09.06.2017
The Conjuring 2: Nefesinizi Daha Ne Kadar Tutabilirsiniz
Gün geçtikçe korku sinemasında iyice ustalaşmaya başlayan James Wan, Furious 7 ile aksiyon arası verdikten sonra tekrar korku filmlerine geri dönüyor. Üstelik uluslar ası başarı elde eden filmi The Conjuring’in devamıyla izleyici karşısına geçmeye hazırlanıyor. “Korku Seansı 2” adıyla ülkemizde gösterime girecek olan The Conjuring 2, korku severlerin yolunu gözlediği bir devam filmi olarak akıllarda yer ediniyor. Serinin ilk filmiyle saf korku filmi yaratmayı başaran Wan, bakalım yeni filmde ilk filmin başarısını tekrar edebilecek mi?
Filmin konusu ise kısaca şöyle diyebiliriz. Doğaüstü olaylar üzerine araştırmalar yapan Warren ailesinin ilk filmdeki yaşadıklarına tanıklık etmiştik. Bu filmde Londra’daki bir evde doğaüstü olayların baş göstermesiyle, bir iblisin eve musallat olduğu ortaya çıkar. Warren ailesi bu olayı tespit ederek aileye yardım etmeye çalışır. Ancak küçük Janet’in bedeni bu iblis tarafından ele geçirildikçe işler git gide korkunç hale bürünür.
İlk filmin konusuna benzeyen bir hikaye ile devam filmi ortaya çıkarılmış. Yine mağdur bir ailenin kötü güçler tarafından taciz edilmesi filmin odak noktası olarak seçilmiş. Ancak ilk filme nazaran bu filmde hikaye kurgusu biraz daha alengirli bir hale getirilmeye çalışılmış. Özellikle Warren ailesiyle kurulan bağlantılar basit olmasına rağmen korku serilerine değer katan ayrıntılar olarak dikkat çekiyorlar.
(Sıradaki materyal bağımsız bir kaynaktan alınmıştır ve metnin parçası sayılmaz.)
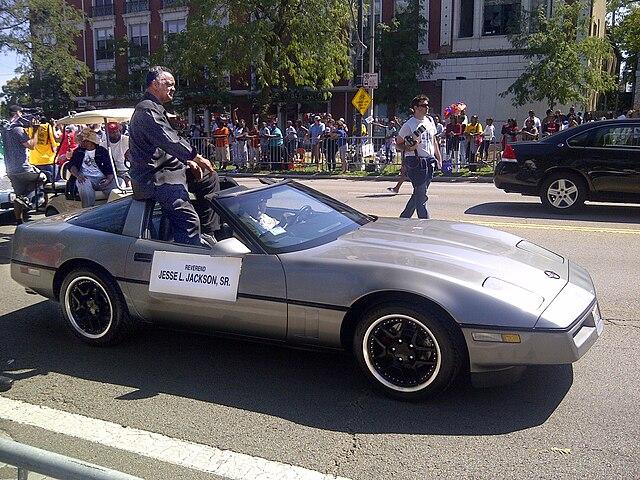 Moment image for Jesse Jackson at the Bud Billiken Parade (August 11, 2012)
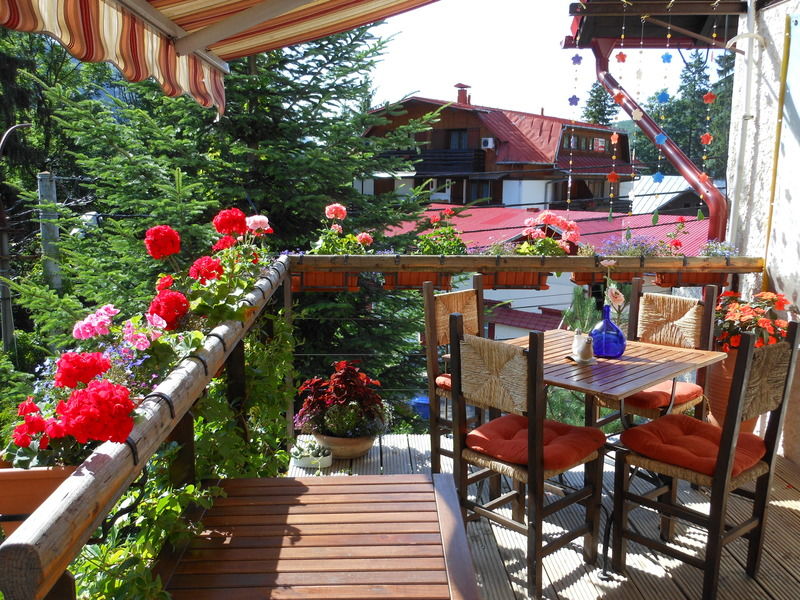 Bistro-Pension La Teleferic Sinaia Exterior foto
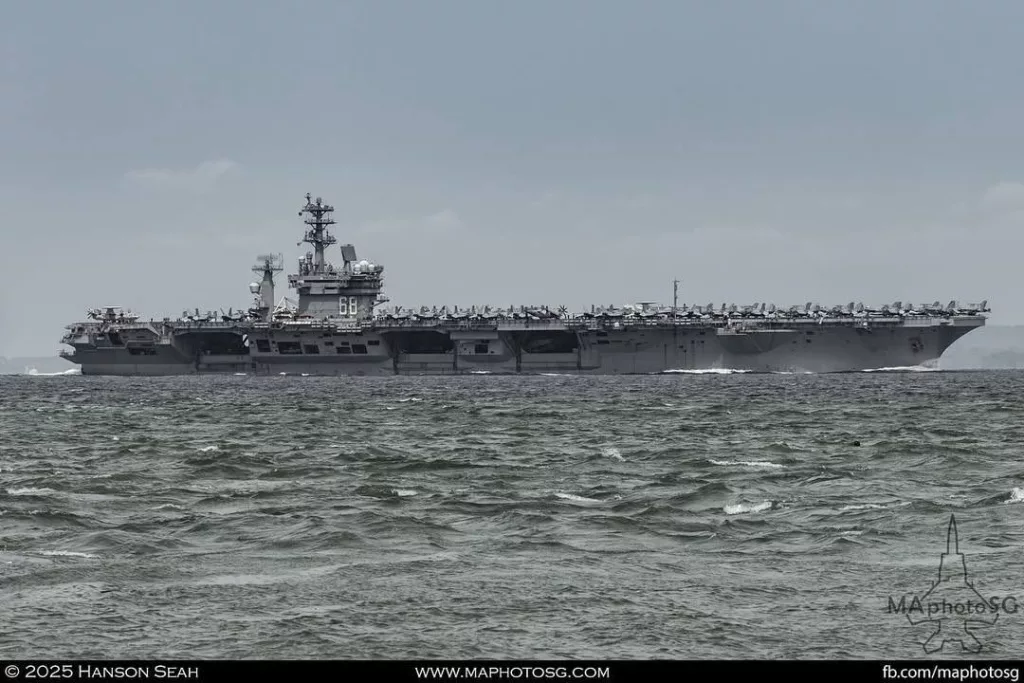 Видимо удары по Ирану все ближе: по информации Fox News, авианосец CVN 68 Nimitz прибудет на Ближний Восток в эти выходные. А это значит, в сборе будут две АУГ, с которыми можно начинать воздушную кампанию против Ирана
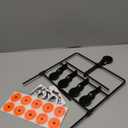 KNINE OUTDOORS Resetting Shooting Target Airsoft Rimfire Pellet BB Gun Target, Rated for .22 .177 Caliber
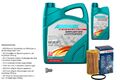 BOSCH Inspektionspaket 6L ADDINOL SUPER LIGHT 5W-40 für VW Golf V 1K1 2.0 GTI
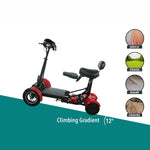 ComfyGo MS-3000 Foldable Mobility Scooter - sold by Dansons Medical - Scooters manufactured by ComfyGo Mobility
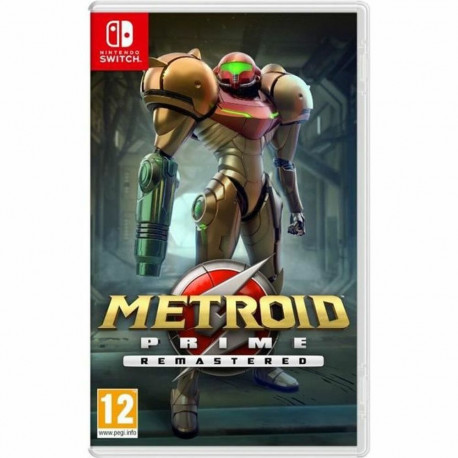 Videomäng Switch konsoolile Nintendo Metroid Prime Remastered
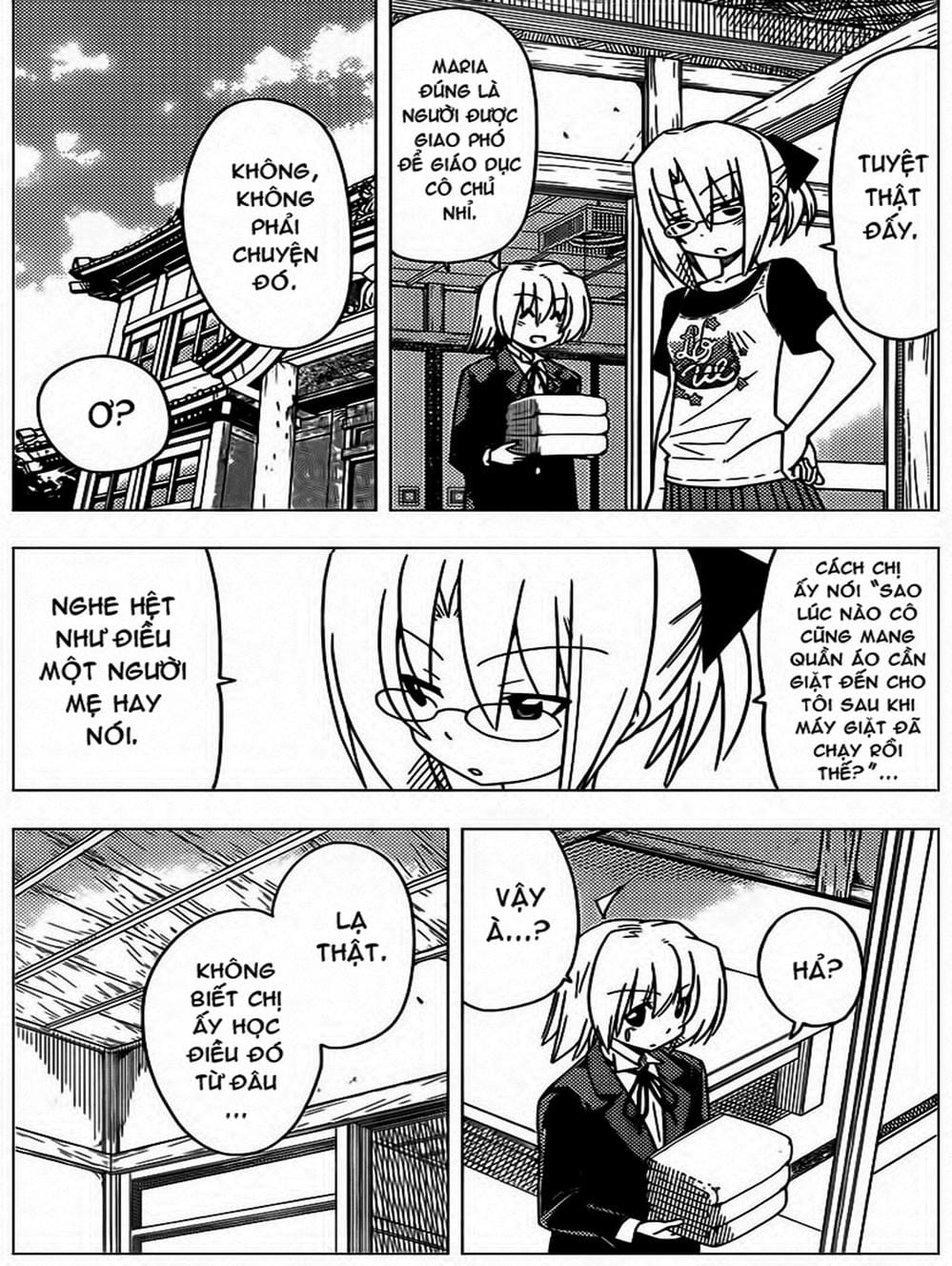 Truyện Tranh Chàng Quản Gia - Hayate No Gotoku trang 4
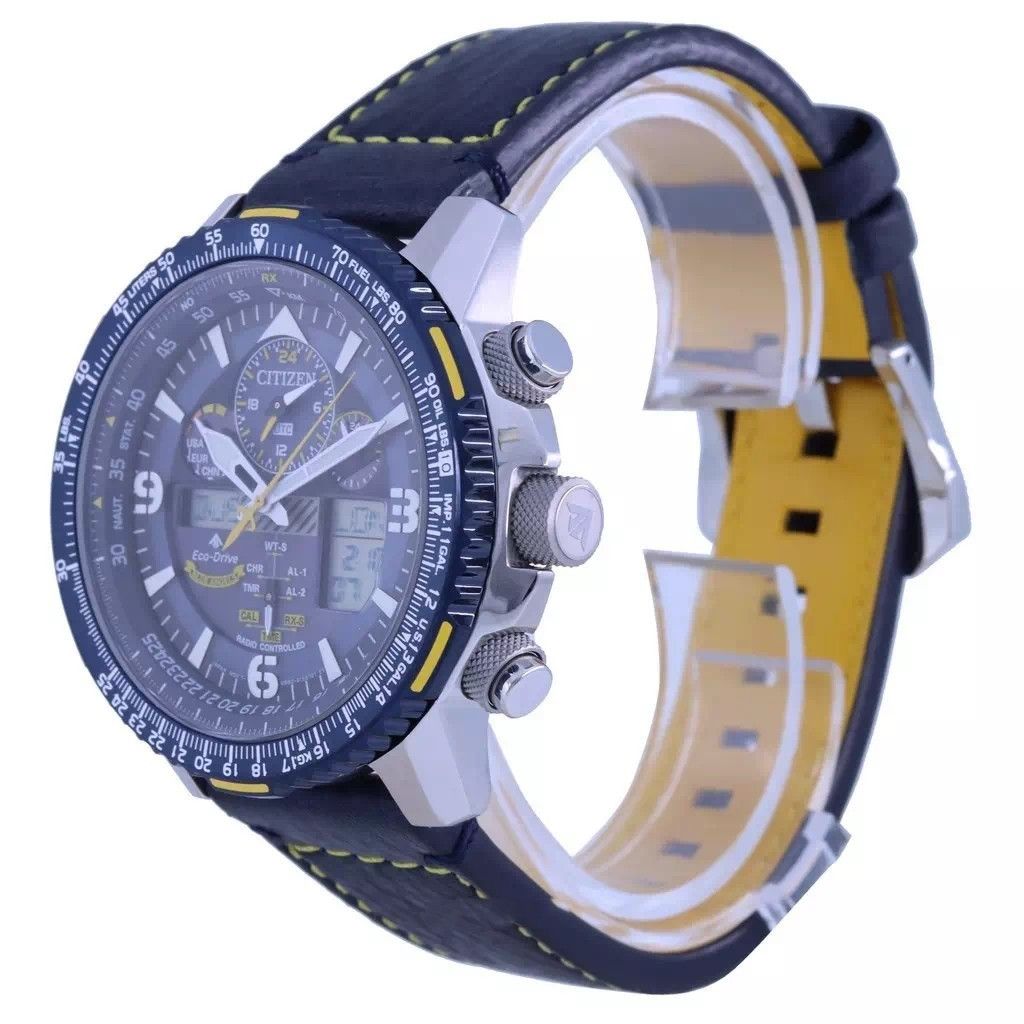 Citizen PROMASTER Skyhawk A-T Eco-Drive JY8078-52L Radio Controlled 200M Herrenuhr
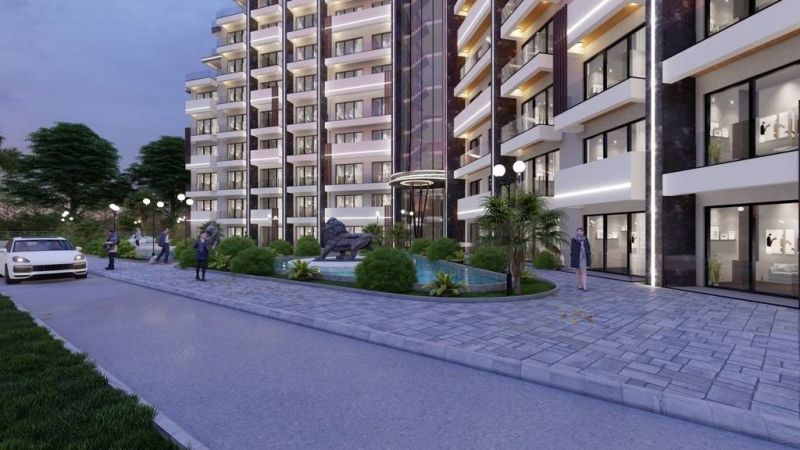 Apartmány na predaj Severný Cyprus Gaziveren - Güzelyurt  APM - 11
Tabii klasik hikayenin İngiltere’ye taşınması ve buna ek olarak hikaye anlamında pek gelişim gösterilmemesi filmin eksi tarafları denilebilir.
Ancak yönetmen James Wan, mizansen kurmadaki başarısını, teknik anlamda kuvvetlendirerek korku filmlerinin hikayeden çok atmosfere odaklı bir deneyim olduğunu izleyicisine sonuna kadar yaşatmayı hedeflemiş. Bu açıdan korku öğelerinin bir an bile kesilmediği bir film ortaya çıkarmış. Film izleyicisini öylesine geriyor ki, filmin ilk bir saatinde yerinizde duramıyorsunuz. Nefes aldığınız takdirde gafil avlanacağınız hissi tüm bedeninizi esir alıyor. Alfred Hitchcock’un ünlü sözünü hatırladığımızda aslında görülenden çok görülmeyenin insanı korkuttuğu gerçeği, James Wan’ın baş ucu sloganı gibi olsa gerek ki, filmin başlarından itibaren yönetmenin seyirciyi avucuna almasına neden oluyor.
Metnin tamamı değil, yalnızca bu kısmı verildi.